The Best Physics Books for Teens | Five Books Expert Recommendations

What attracts teenagers to study physics?

The reason I’m usually given is “because I want to know how the world works”. these students have a strong sense that the world is, deep down, understandable, and that there are principles, principles that are both interesting and in themselves and have a power that can be harnessed for the welfare of humanity, that we can use and apply in all kinds of contexts.

You are reading: Physics books for high school

Let’s say you’re flying in an airplane with your mobile phone. you can get to a stage where you’re not just happy to look up at the sky, take a picture and say ‘there it is’. you want to know the underlying mechanisms of the plane, how it is built and how it stays in the air. these are things that most people throughout human history had no idea about, and they made up all sorts of wonderful stories to “explain” them. everything is inherently fascinating.

Contrary to the myth of difficulty, I think the appeal to some is that it somehow feels easier than history, philosophy, or politics: very complicated subjects that don’t necessarily offer solutions to problems. I imagine there is some clarity and underlying logic to the math and physics: the idea that if you work hard enough it will make sense, even if you have to work for a long time and ultimately only see part of the big picture.

Does the fact that physics is a difficult subject turn people off in their experience?

it depends. I find other subjects much more difficult than physics. and people often take physics because they find it difficult. it is, I suppose, a prestigious subject. If you’re applying to college with an A or * in a Physics level, that’s a big plus for you, because it shows that you can think in a wide variety of ways. that attracts people.

Let’s go to your books. first, he chose randall munroe’s explainer of things, a book that explains complex things using only the top 1,000 words in the english language:

—ten hundred! it has to be ‘ten-hundred’, because the word ‘thousand’ is not one of the most used words in the English language.

why did you choose it?

because he is charming and tremendously intelligent. he wrote it as some kind of joke. Randall Munroe is this extraordinarily talented and intelligent cartoonist with a background in robotics; At one point he worked for NASA as a contract programmer and roboticist.

but the book is about how to explain things using the simplest terms you can. take your usa space team diagram uu. goer five, which is the saturn v rocket. at the bottom, a pair of arrows point to the jet’s propellers with this note:

This end should point towards the ground if you want to go into space. if it starts pointing towards space, you’ve got a serious problem and won’t go to space today.

[laughs.] and there is another indicator with the message: “a lot of fire comes out here”. the accuracy! when it describes something you already know, you think, “That’s a very clever way of putting it in the simplest, most robust terms possible.”

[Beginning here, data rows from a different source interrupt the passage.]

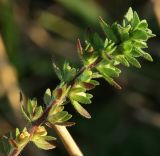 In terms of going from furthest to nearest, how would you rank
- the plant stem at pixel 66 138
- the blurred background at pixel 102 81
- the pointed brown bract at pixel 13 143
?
1. the blurred background at pixel 102 81
2. the plant stem at pixel 66 138
3. the pointed brown bract at pixel 13 143

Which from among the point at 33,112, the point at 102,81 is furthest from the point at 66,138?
the point at 102,81

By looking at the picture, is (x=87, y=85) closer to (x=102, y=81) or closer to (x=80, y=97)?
(x=80, y=97)

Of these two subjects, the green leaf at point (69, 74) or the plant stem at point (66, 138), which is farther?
the plant stem at point (66, 138)

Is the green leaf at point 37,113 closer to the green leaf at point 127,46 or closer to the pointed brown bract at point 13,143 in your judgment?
the pointed brown bract at point 13,143


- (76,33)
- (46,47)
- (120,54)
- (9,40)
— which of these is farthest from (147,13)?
(120,54)

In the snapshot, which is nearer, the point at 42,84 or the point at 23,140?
the point at 23,140

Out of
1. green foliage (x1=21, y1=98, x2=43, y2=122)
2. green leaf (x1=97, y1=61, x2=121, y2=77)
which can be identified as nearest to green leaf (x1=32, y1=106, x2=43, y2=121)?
green foliage (x1=21, y1=98, x2=43, y2=122)

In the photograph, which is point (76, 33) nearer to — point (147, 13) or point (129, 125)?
point (147, 13)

How would you describe helium without using the word “helium”? well, in this book it’s ‘funny voice air’. it’s both smart and wildly funny throughout. he will talk about “handheld computers” instead of mobile phones, or “little energy gates” instead of transistors. it’s absolutely beautiful.

munroe said that one of the main problems in writing this book was that the words “thread”, “wire” or “rope” were not among the top “1000” words, so he had to use “line”. and whenever the book refers to any kind of electrical connection or wiring or anything like that, he has to call it “line”. she had to compromise on all sorts of things.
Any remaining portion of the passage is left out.